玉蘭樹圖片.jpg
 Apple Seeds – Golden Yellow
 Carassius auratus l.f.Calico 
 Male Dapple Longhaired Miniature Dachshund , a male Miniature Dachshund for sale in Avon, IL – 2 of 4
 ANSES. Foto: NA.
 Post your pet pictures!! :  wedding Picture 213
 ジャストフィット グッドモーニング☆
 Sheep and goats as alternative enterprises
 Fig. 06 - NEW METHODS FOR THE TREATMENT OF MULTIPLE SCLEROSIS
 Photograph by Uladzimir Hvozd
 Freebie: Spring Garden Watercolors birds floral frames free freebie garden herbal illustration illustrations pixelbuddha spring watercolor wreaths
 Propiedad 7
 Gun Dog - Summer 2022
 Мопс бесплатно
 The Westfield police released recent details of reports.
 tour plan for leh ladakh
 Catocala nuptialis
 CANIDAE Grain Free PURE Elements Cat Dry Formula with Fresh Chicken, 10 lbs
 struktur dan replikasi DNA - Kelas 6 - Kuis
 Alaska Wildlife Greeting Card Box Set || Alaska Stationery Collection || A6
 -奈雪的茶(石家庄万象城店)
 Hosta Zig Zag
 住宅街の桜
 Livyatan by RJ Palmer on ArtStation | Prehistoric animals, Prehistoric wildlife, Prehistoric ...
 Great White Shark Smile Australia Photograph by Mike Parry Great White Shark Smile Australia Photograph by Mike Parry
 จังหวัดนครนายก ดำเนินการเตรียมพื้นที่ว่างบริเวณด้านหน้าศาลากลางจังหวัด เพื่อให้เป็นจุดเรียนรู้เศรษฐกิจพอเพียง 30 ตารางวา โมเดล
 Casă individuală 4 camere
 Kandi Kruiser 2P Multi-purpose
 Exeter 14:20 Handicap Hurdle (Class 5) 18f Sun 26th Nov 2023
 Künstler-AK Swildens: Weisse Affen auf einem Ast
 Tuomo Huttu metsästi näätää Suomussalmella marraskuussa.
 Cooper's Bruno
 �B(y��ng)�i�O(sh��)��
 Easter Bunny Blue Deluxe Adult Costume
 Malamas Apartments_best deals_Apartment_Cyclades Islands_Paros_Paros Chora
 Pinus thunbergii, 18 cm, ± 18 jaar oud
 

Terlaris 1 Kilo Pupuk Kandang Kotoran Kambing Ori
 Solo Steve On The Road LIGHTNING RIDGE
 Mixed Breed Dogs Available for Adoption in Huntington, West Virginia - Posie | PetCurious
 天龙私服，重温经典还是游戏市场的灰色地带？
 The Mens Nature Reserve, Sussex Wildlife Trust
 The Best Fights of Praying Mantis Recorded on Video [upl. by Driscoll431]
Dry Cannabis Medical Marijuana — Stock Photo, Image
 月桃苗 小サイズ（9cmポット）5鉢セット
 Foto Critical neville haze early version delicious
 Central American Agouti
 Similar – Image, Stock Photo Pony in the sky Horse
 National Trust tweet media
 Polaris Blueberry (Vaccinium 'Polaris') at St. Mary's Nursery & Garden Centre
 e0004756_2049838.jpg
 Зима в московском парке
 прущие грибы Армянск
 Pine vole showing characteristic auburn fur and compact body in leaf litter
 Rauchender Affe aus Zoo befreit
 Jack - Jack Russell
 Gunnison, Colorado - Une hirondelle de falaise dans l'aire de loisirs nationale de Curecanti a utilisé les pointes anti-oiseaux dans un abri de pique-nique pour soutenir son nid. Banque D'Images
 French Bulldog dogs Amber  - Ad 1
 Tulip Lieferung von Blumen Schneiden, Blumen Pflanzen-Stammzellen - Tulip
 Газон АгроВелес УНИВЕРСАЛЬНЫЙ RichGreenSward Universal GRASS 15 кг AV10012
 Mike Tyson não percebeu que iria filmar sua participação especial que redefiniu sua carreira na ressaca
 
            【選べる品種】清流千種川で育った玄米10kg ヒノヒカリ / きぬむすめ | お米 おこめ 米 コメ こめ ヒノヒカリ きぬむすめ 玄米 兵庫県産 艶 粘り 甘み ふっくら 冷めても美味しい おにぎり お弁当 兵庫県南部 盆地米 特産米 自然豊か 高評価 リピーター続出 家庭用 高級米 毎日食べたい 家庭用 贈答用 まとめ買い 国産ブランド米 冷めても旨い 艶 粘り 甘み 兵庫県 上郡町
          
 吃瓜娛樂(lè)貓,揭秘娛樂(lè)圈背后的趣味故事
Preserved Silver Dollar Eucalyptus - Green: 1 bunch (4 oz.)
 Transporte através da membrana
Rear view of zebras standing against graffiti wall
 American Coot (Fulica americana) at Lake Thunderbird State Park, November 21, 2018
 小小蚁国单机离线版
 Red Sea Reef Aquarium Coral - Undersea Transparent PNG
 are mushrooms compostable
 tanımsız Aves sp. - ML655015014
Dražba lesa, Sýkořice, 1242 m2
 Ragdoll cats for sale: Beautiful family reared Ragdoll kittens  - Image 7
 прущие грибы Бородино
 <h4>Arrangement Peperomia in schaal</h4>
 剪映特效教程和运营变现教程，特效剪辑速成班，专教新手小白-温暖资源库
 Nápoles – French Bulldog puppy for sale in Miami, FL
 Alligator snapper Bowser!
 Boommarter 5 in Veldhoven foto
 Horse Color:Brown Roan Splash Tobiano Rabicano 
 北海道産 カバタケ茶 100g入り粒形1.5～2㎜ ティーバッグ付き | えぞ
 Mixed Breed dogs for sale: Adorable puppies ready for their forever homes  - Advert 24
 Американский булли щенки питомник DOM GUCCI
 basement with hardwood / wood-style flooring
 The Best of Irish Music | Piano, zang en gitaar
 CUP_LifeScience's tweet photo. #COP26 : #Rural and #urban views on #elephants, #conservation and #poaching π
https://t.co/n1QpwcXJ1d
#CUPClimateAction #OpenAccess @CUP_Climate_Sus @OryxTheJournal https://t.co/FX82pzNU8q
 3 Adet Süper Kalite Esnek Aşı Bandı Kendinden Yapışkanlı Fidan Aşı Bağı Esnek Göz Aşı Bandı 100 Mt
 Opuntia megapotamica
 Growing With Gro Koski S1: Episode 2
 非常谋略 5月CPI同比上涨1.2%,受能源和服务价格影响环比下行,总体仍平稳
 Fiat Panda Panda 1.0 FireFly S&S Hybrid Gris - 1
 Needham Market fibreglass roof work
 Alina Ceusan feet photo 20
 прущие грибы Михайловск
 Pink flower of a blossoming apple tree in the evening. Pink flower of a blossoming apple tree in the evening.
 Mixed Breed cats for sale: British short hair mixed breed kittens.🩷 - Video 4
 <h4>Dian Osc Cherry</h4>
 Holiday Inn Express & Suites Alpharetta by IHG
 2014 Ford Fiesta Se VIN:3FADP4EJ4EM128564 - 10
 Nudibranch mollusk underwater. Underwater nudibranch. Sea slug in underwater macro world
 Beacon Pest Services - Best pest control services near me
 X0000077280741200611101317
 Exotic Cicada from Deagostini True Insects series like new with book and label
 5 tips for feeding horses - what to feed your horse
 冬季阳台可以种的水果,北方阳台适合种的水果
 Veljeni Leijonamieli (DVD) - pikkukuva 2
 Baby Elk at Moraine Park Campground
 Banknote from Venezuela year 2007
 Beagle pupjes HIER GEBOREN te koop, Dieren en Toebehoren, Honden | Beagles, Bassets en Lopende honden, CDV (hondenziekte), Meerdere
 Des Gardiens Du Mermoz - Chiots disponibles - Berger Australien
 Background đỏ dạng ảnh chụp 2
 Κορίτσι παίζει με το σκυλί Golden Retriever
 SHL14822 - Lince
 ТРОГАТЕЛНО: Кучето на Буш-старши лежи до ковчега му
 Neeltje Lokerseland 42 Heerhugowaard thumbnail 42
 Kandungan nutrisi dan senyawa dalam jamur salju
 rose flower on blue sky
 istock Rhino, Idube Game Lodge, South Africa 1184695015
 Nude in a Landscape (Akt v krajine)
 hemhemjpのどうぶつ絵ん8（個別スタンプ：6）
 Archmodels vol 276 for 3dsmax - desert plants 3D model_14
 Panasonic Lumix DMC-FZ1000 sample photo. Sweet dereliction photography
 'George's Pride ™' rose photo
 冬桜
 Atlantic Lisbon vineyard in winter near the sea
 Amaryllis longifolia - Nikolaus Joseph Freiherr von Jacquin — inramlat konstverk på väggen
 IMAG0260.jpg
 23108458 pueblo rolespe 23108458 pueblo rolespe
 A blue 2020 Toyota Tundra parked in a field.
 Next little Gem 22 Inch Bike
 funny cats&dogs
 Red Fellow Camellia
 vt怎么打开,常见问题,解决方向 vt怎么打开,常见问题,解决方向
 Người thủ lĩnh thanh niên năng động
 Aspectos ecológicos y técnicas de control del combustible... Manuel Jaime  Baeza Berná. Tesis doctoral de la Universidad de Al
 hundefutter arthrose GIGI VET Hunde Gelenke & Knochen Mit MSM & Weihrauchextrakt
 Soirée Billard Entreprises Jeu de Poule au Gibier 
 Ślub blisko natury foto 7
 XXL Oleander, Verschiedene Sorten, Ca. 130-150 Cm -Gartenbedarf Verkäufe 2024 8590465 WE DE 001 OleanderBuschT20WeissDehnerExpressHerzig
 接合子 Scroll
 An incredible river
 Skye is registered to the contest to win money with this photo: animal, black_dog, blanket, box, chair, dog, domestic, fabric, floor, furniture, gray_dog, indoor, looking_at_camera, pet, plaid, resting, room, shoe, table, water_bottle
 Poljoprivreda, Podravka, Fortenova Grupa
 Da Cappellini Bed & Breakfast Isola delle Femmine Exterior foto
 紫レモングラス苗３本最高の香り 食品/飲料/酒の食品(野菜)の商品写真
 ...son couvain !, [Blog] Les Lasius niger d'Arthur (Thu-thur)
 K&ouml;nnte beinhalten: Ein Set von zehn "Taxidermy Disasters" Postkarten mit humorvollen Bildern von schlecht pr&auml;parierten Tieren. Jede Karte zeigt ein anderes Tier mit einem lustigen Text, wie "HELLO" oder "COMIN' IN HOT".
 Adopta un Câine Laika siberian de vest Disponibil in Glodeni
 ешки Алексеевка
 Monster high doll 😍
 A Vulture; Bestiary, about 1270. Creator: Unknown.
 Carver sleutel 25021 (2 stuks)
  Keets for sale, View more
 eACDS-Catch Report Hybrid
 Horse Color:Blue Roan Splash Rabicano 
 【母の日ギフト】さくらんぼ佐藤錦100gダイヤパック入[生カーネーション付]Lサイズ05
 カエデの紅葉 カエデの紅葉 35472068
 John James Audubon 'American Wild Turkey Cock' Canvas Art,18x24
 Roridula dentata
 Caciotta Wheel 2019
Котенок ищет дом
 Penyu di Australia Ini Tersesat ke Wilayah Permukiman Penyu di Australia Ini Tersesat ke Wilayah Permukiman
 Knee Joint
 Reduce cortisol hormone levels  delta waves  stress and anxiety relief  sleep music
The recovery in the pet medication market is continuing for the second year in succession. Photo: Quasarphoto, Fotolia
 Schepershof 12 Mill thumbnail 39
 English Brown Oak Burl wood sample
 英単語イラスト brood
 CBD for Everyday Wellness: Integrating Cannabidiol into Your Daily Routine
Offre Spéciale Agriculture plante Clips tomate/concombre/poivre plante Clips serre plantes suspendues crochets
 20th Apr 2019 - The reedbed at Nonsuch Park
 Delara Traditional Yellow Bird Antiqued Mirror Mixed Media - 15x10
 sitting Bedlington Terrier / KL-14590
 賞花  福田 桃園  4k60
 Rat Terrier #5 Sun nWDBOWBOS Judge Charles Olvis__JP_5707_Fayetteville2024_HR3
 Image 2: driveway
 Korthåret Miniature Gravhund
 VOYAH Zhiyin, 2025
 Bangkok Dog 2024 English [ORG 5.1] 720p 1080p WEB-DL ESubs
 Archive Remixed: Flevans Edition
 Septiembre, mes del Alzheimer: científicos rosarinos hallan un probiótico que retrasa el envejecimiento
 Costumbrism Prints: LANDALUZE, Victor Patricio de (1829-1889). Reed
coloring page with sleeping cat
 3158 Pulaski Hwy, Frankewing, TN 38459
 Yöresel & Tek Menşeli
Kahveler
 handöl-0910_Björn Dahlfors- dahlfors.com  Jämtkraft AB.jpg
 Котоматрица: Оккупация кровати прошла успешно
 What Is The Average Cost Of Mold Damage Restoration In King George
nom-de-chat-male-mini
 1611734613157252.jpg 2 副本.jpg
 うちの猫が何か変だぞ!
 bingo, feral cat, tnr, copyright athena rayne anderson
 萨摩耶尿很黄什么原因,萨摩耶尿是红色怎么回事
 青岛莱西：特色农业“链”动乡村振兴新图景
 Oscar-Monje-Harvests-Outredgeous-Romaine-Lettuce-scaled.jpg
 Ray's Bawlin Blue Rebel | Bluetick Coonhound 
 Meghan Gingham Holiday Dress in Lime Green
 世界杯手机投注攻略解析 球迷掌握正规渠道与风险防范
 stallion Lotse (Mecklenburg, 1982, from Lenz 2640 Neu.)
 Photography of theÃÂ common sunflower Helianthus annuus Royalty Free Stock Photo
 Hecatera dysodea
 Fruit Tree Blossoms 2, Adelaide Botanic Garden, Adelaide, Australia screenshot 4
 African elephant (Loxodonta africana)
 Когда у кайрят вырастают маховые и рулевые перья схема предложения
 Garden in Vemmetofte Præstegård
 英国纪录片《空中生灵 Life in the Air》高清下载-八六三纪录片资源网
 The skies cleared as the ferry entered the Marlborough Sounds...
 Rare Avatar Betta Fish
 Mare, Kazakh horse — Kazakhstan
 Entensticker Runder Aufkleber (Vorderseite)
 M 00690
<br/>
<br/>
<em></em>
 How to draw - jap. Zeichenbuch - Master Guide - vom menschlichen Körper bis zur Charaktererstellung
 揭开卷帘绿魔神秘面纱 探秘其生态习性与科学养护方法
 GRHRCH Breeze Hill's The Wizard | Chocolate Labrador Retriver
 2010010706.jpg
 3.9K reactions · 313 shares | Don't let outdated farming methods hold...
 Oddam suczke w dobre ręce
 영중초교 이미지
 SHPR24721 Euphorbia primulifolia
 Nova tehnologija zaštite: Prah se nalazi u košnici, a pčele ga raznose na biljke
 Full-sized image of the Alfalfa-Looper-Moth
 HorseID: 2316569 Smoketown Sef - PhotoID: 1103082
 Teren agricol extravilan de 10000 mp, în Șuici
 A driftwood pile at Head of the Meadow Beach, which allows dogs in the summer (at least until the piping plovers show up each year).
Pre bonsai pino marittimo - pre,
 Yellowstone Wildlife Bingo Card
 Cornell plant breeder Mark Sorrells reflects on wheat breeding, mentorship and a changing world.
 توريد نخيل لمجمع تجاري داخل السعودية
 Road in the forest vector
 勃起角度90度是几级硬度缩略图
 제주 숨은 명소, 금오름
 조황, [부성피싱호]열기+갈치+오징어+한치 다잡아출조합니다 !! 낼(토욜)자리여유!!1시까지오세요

### Your task
What is needed is an exact copy of the lines from the start of the listing through the line where "CANIDAE Grain Free" sits, please, both end lines included and nothing more.

### Task response
玉蘭樹圖片.jpg
 Apple Seeds – Golden Yellow
 Carassius auratus l.f.Calico 
 Male Dapple Longhaired Miniature Dachshund , a male Miniature Dachshund for sale in Avon, IL – 2 of 4
 ANSES. Foto: NA.
 Post your pet pictures!! :  wedding Picture 213
 ジャストフィット グッドモーニング☆
 Sheep and goats as alternative enterprises
 Fig. 06 - NEW METHODS FOR THE TREATMENT OF MULTIPLE SCLEROSIS
 Photograph by Uladzimir Hvozd
 Freebie: Spring Garden Watercolors birds floral frames free freebie garden herbal illustration illustrations pixelbuddha spring watercolor wreaths
 Propiedad 7
 Gun Dog - Summer 2022
 Мопс бесплатно
 The Westfield police released recent details of reports.
 tour plan for leh ladakh
 Catocala nuptialis
 CANIDAE Grain Free PURE Elements Cat Dry Formula with Fresh Chicken, 10 lbs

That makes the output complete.